● **TASK MATERIAL**
----------
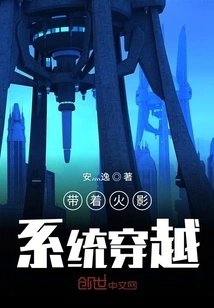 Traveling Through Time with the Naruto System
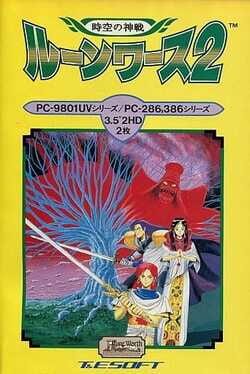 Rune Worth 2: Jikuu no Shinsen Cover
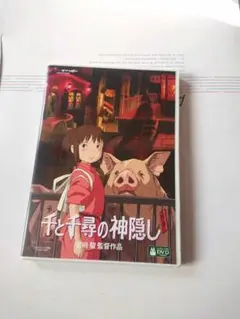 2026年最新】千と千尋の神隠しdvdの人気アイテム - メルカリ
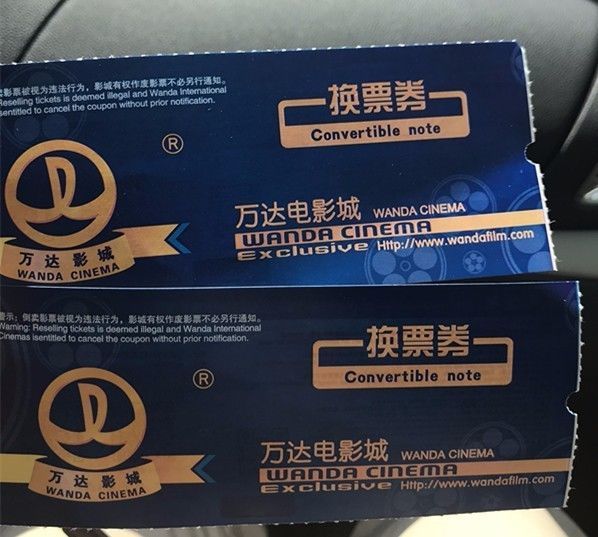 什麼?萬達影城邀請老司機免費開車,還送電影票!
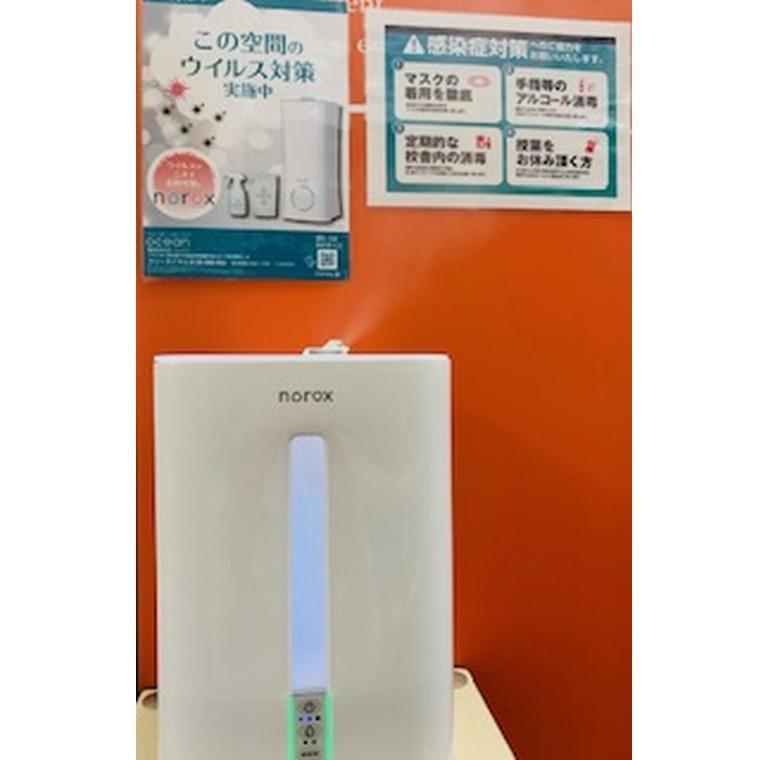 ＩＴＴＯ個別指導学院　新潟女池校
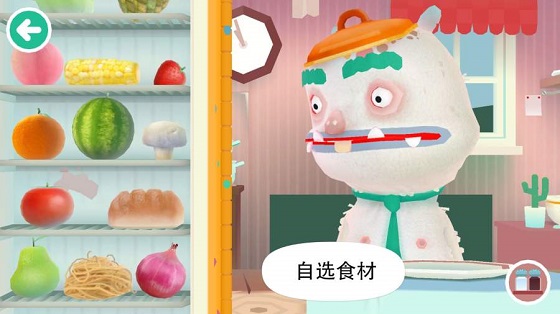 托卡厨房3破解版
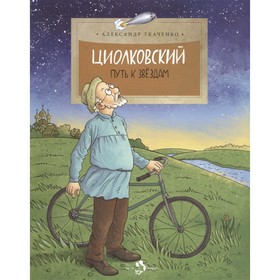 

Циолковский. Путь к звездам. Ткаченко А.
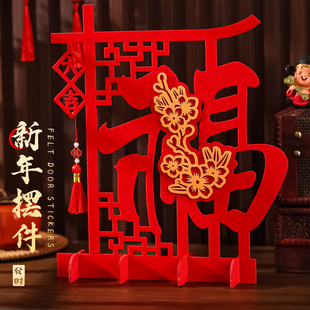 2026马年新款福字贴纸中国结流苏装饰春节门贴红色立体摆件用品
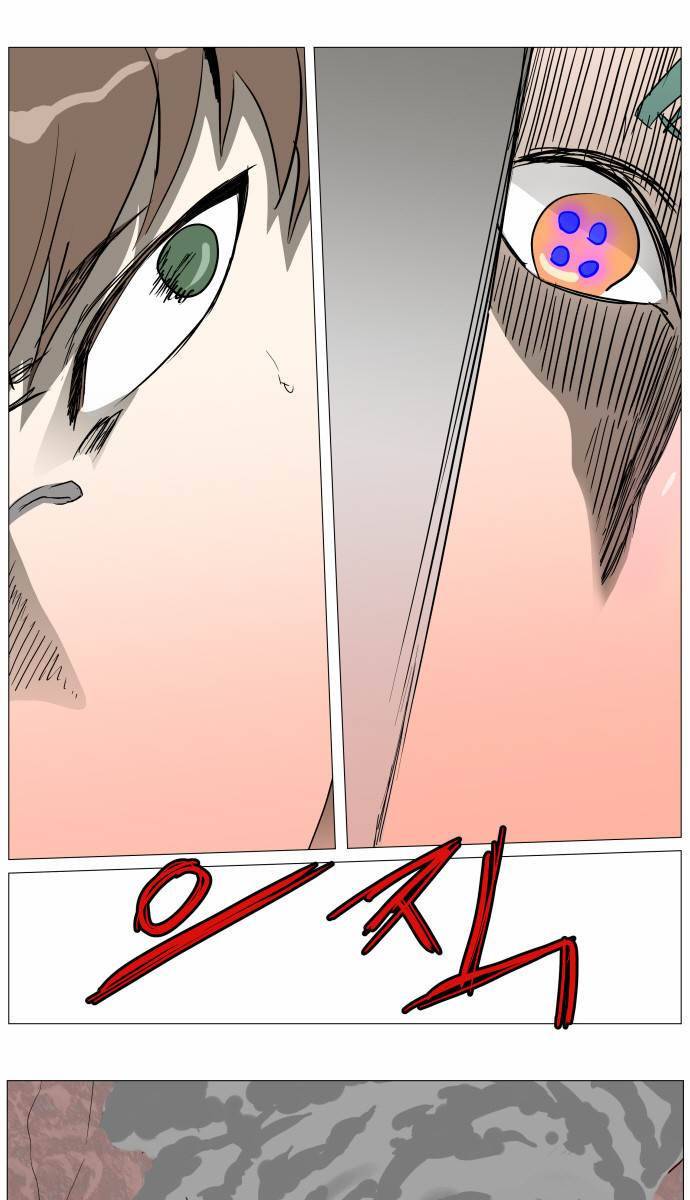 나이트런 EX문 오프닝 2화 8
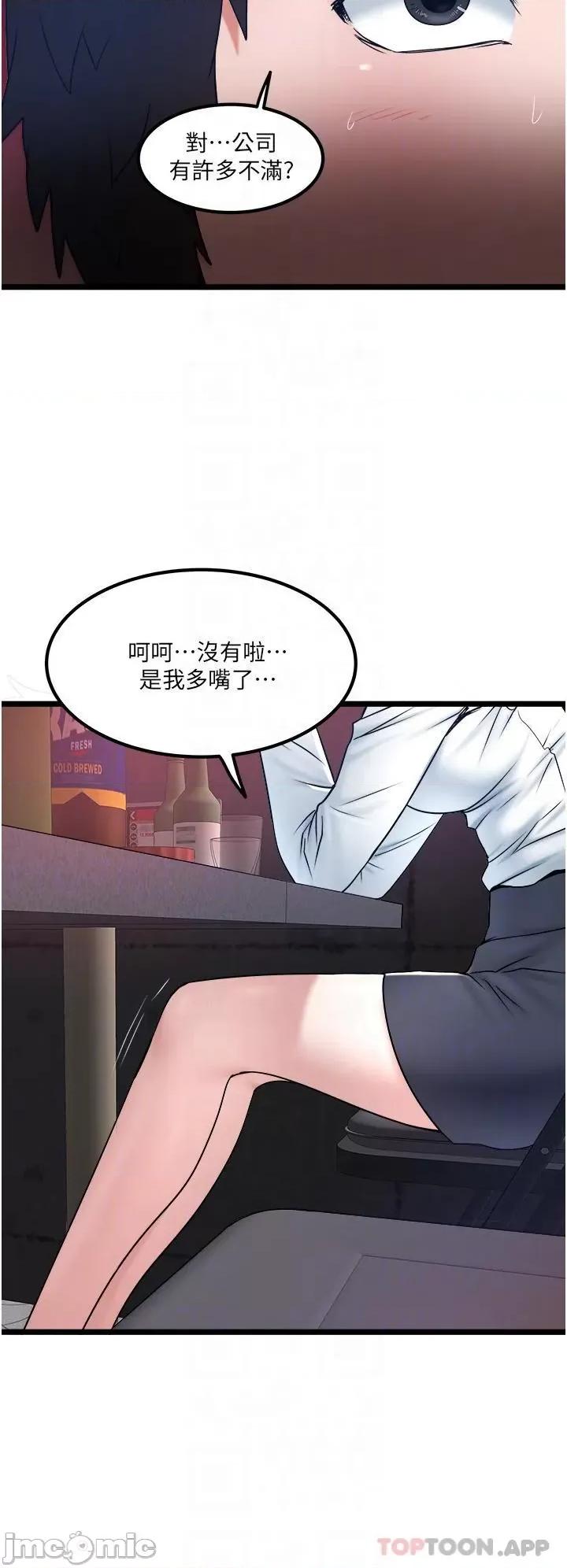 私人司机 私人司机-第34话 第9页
----------
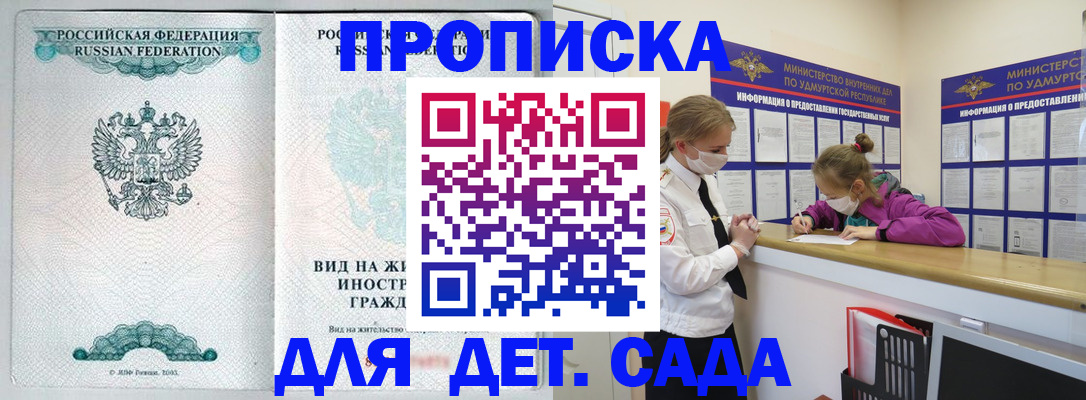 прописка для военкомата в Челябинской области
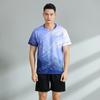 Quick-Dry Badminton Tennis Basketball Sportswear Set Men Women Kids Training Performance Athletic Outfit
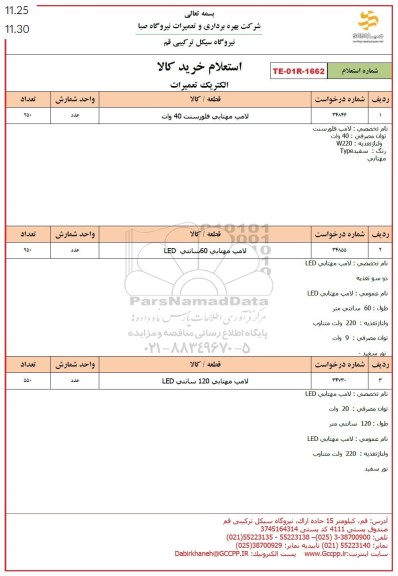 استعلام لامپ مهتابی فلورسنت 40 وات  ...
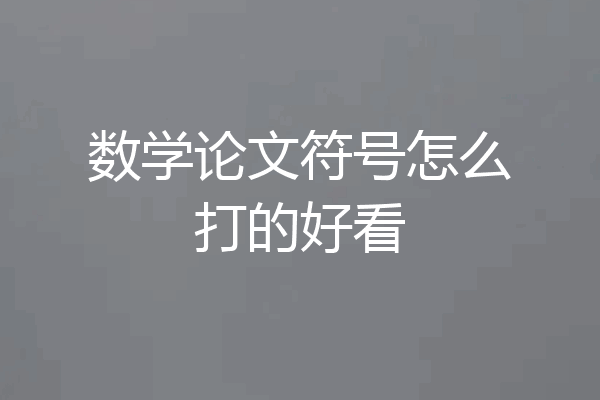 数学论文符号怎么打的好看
----------
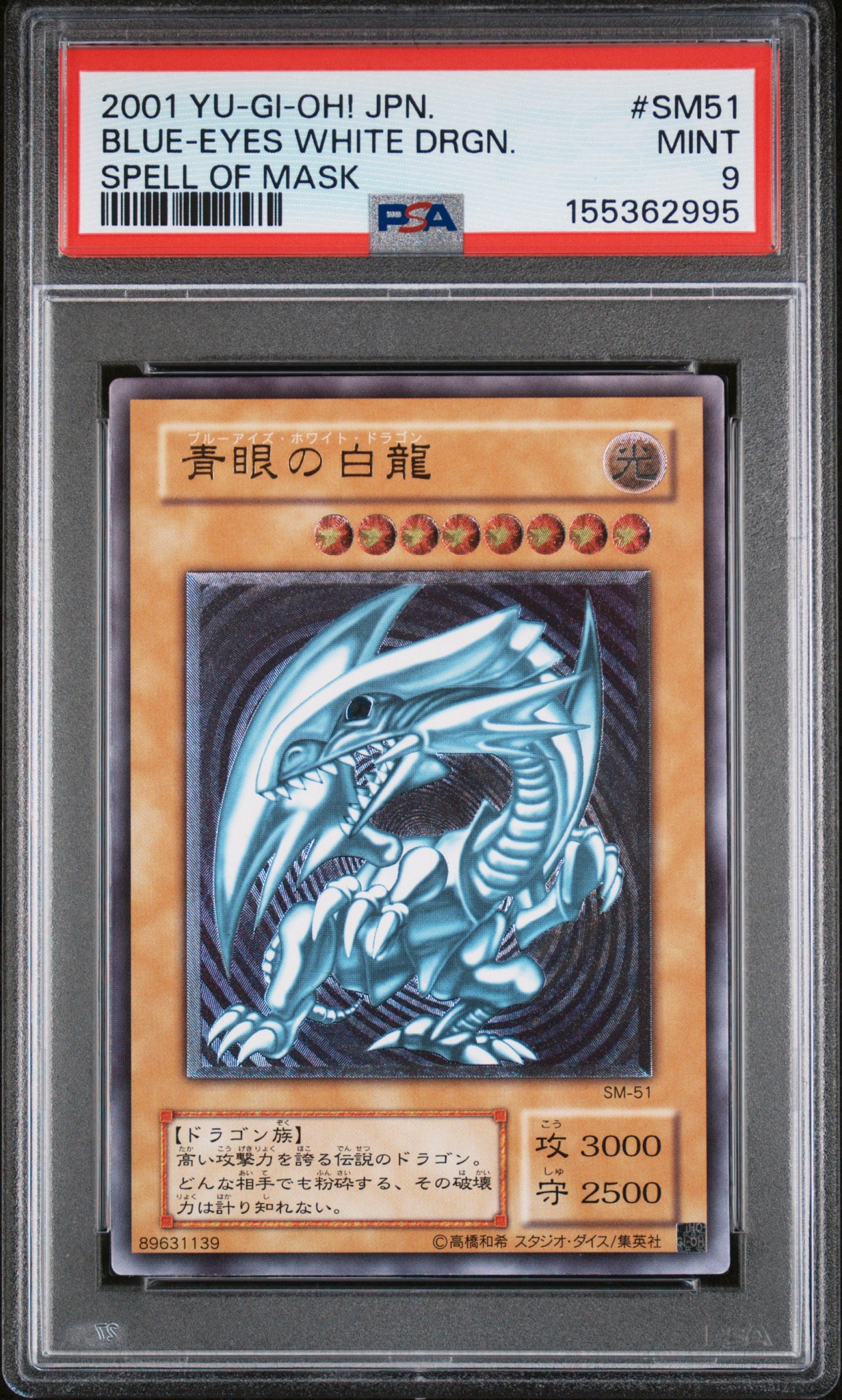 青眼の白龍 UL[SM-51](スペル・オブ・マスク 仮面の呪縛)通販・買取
----------
● **EXERCISE DETAILS**
Starting at the line above that holds "2026马年新款福字贴纸中国结流苏装饰春节门贴红色立体摆件用品", return each line up to and including the one that holds "私人司机 私人司机-第34话 第9页", exactly as written, minus any pictures.

● **RESPONSE BELOW**
 2026马年新款福字贴纸中国结流苏装饰春节门贴红色立体摆件用品
 나이트런 EX문 오프닝 2화 8
 私人司机 私人司机-第34话 第9页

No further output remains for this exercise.